- [Work to complete]
Beginning with the line that holds "Standard Double or Twin Room,1212344299:JPEG", write out each line exactly as it stands until the end of the data, and include no pictures.

** Exercise materials follows **

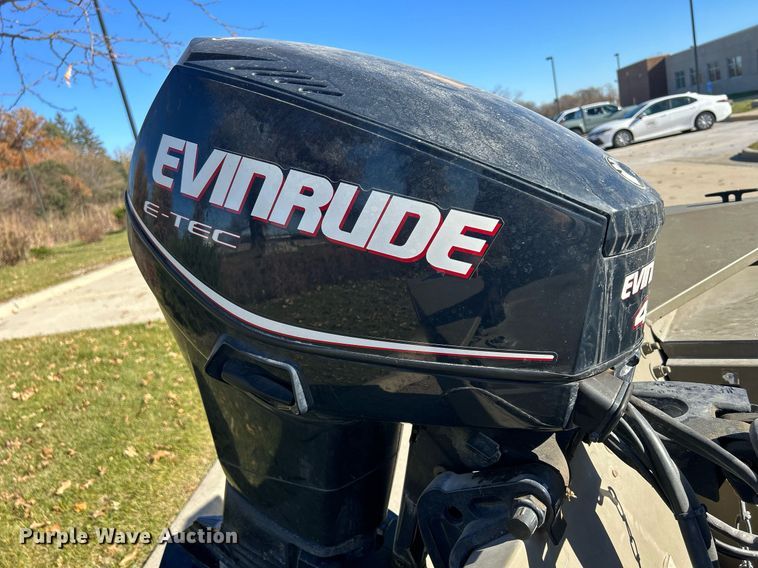 image for item MO9075 2008 Alumacraft 1860A boat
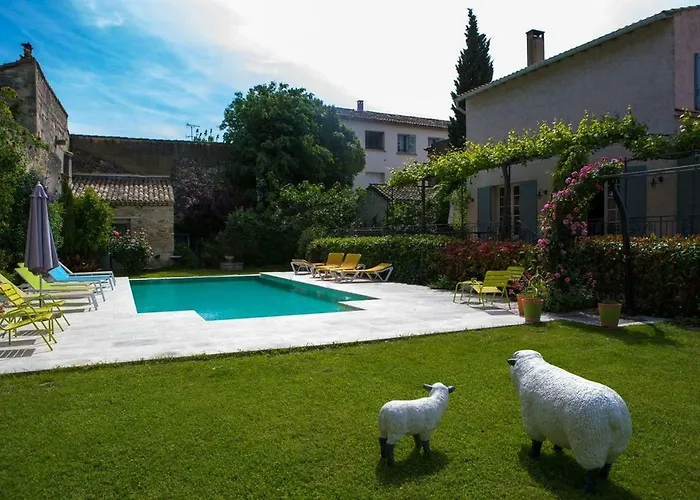 Bed and Breakfast Les Jardins De La Livree Villeneuve-lès-Avignon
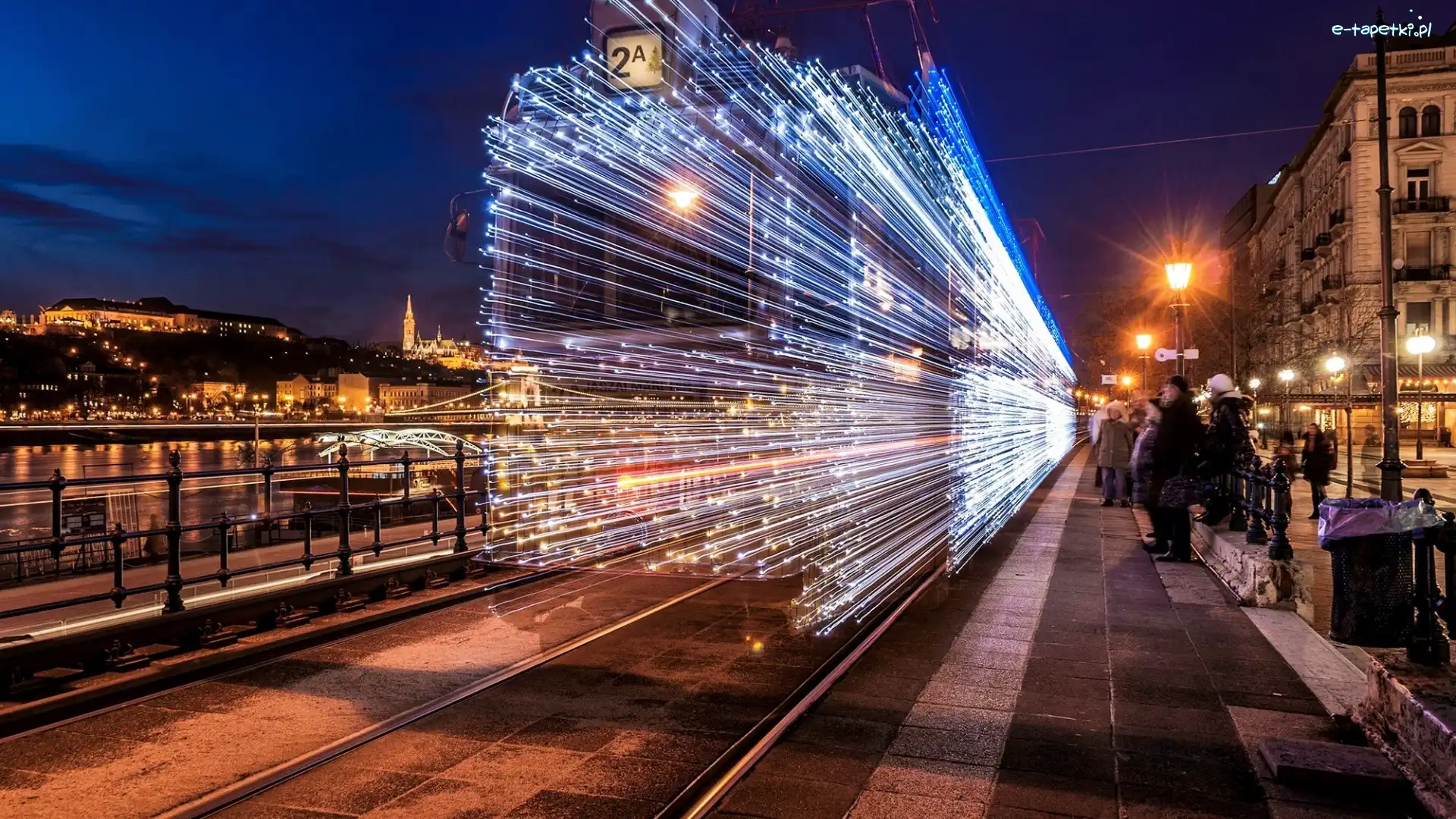Miasto nocą, Budapeszt, Tramwaj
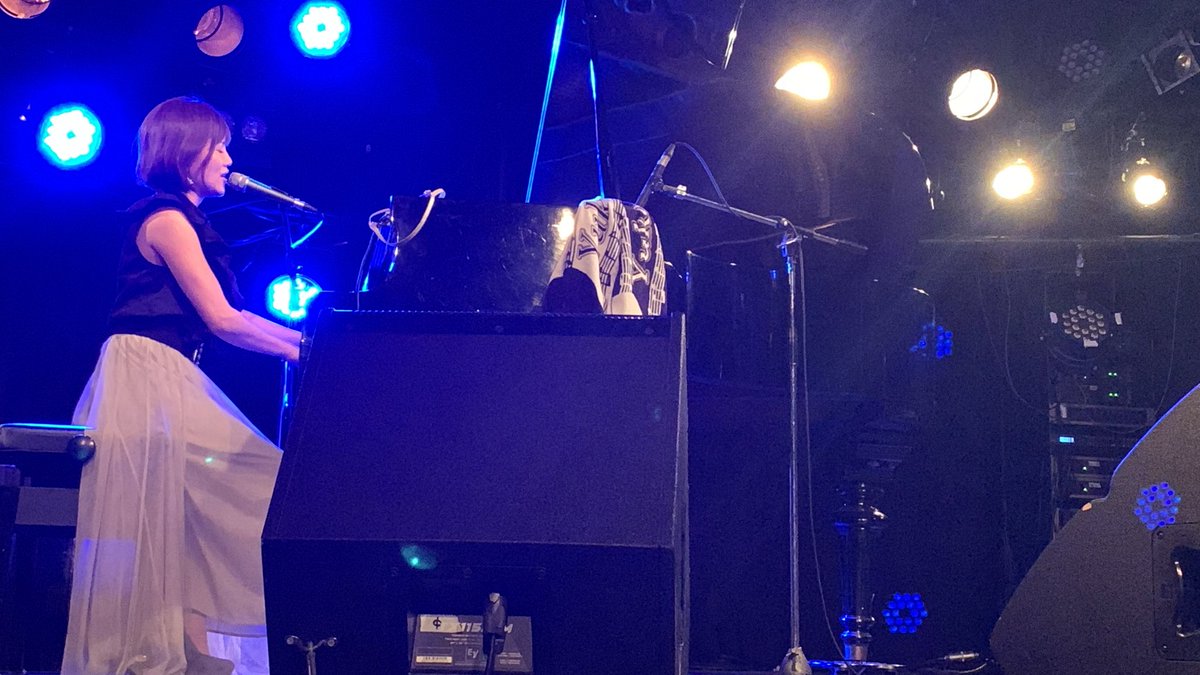 ず〜や tweet media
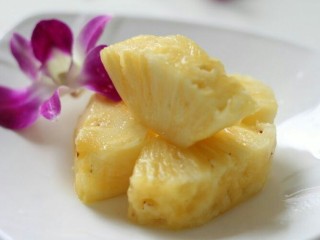 1、叶酸蔬果汁,菠萝去皮洗净切块，放盐水中泡15分钟左右。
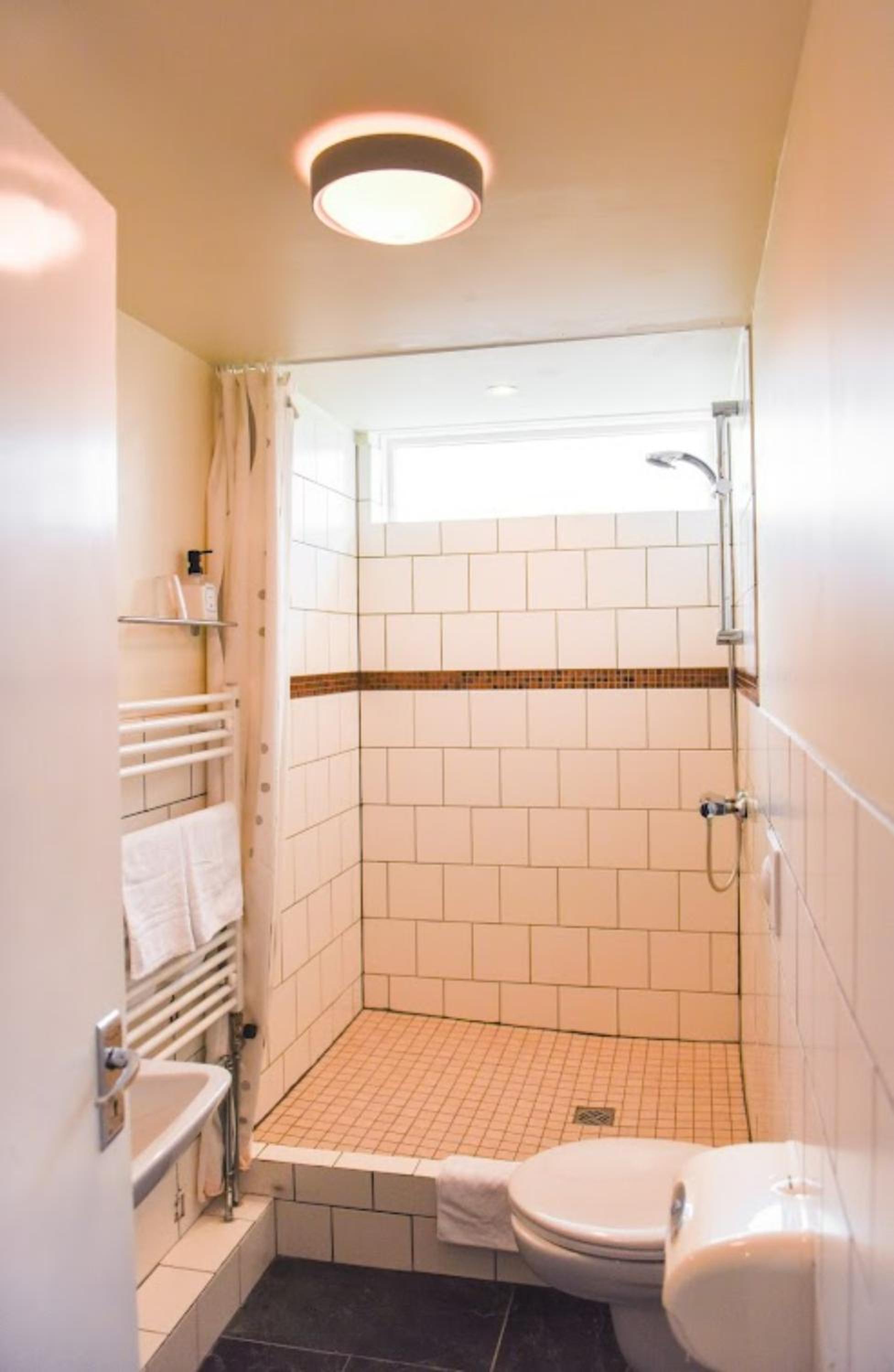 Family Suite - Photo 9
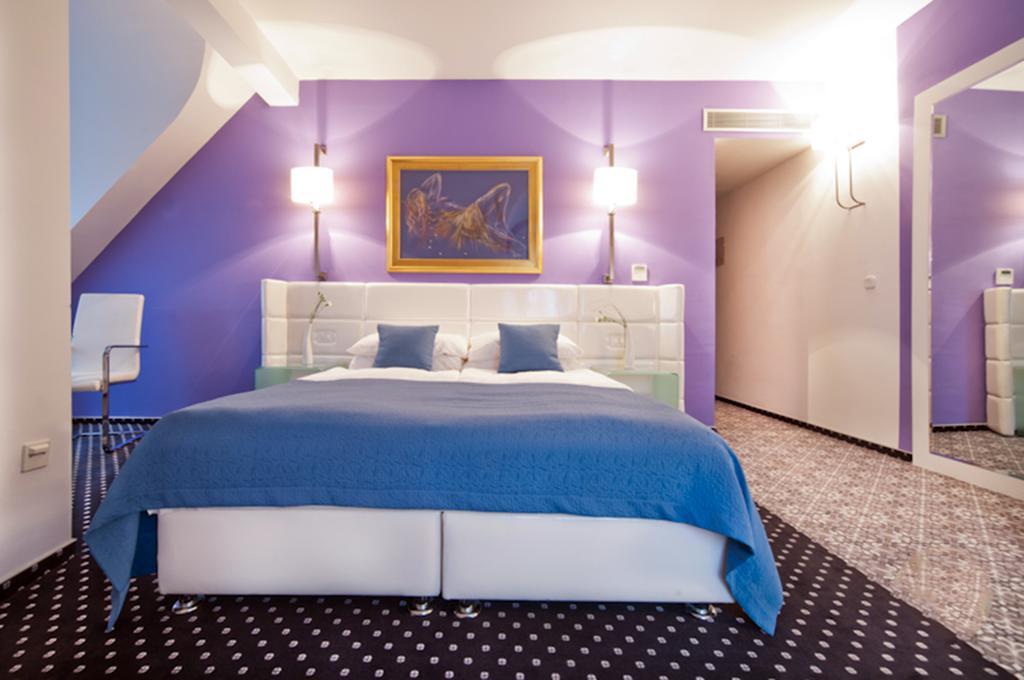 Standard Double or Twin Room,1212344299:JPEG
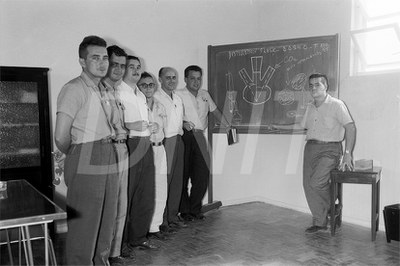 Laboratório Central _ Funcionários _ 05 Ago 1958_ 190.jpg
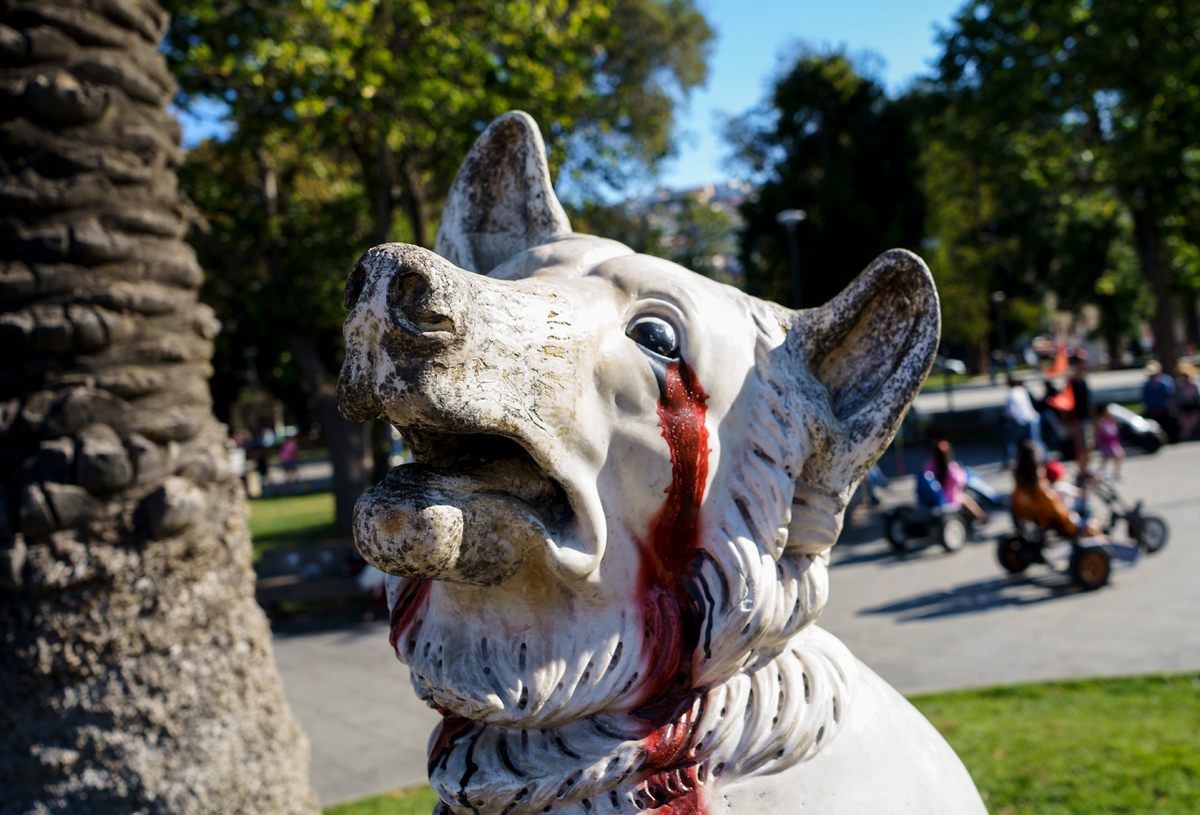 A dog statue in Valparaíso's Plaza Victoria.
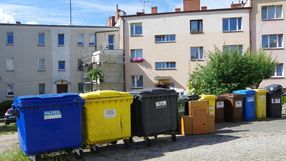 pojemniki na śmieci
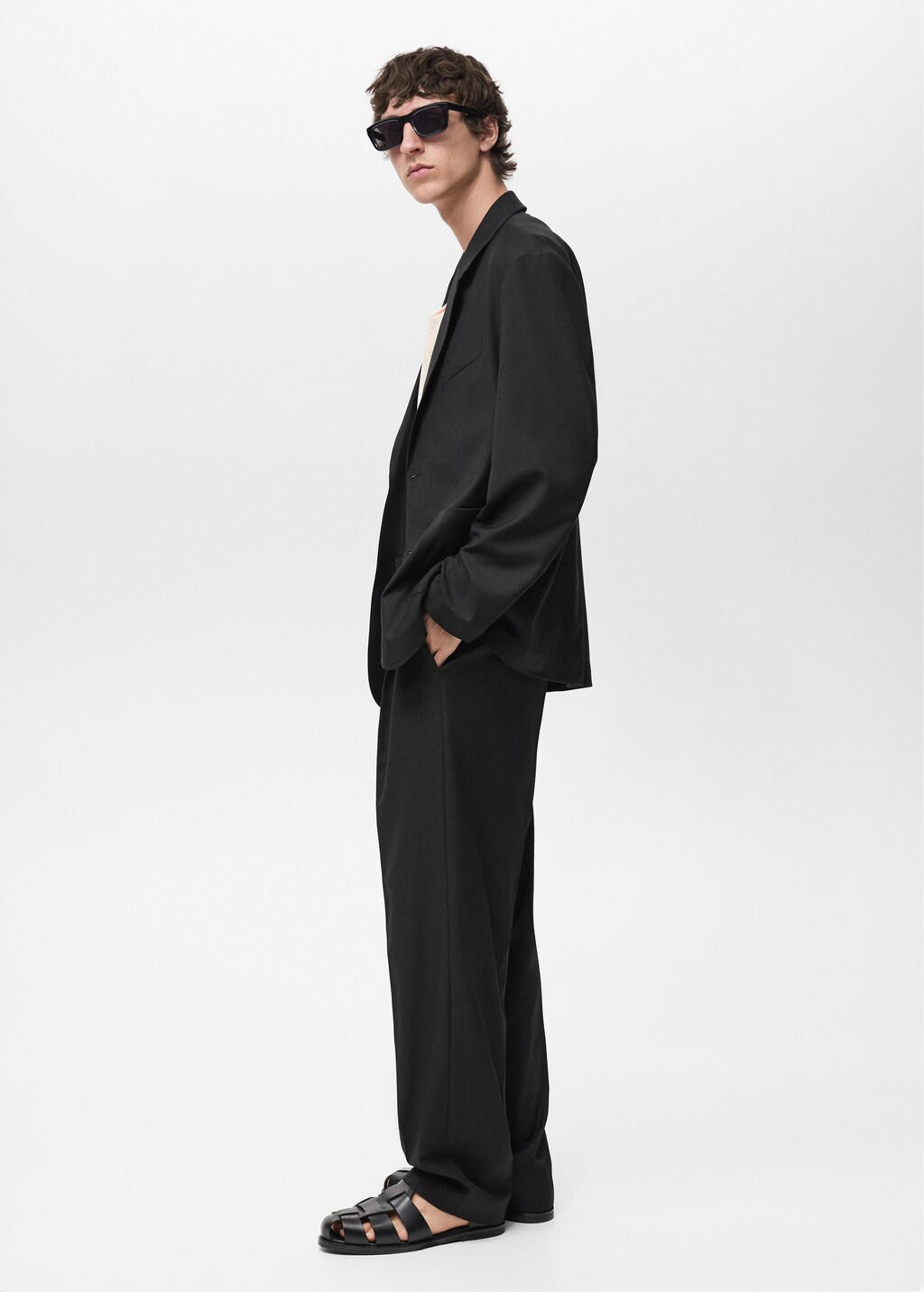 Relaxed-fit suit trousers with pleats - Black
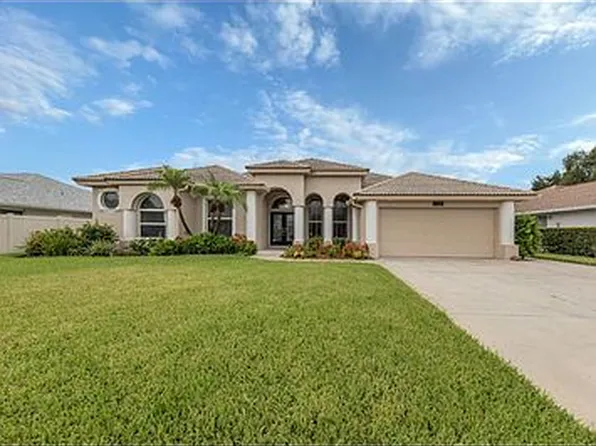 201 Bayside Ct, Nokomis, FL 34275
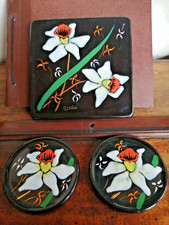 Ensemble LONGWY série JONQUILLES Dessous de Plat et Sous Bouteille VINTAGE 50 60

** End of Exercise materials **

- [Solution for this exercise]
 Standard Double or Twin Room,1212344299:JPEG
 Laboratório Central _ Funcionários _ 05 Ago 1958_ 190.jpg
 A dog statue in Valparaíso's Plaza Victoria.
 pojemniki na śmieci
 Relaxed-fit suit trousers with pleats - Black
 201 Bayside Ct, Nokomis, FL 34275
 Ensemble LONGWY série JONQUILLES Dessous de Plat et Sous Bouteille VINTAGE 50 60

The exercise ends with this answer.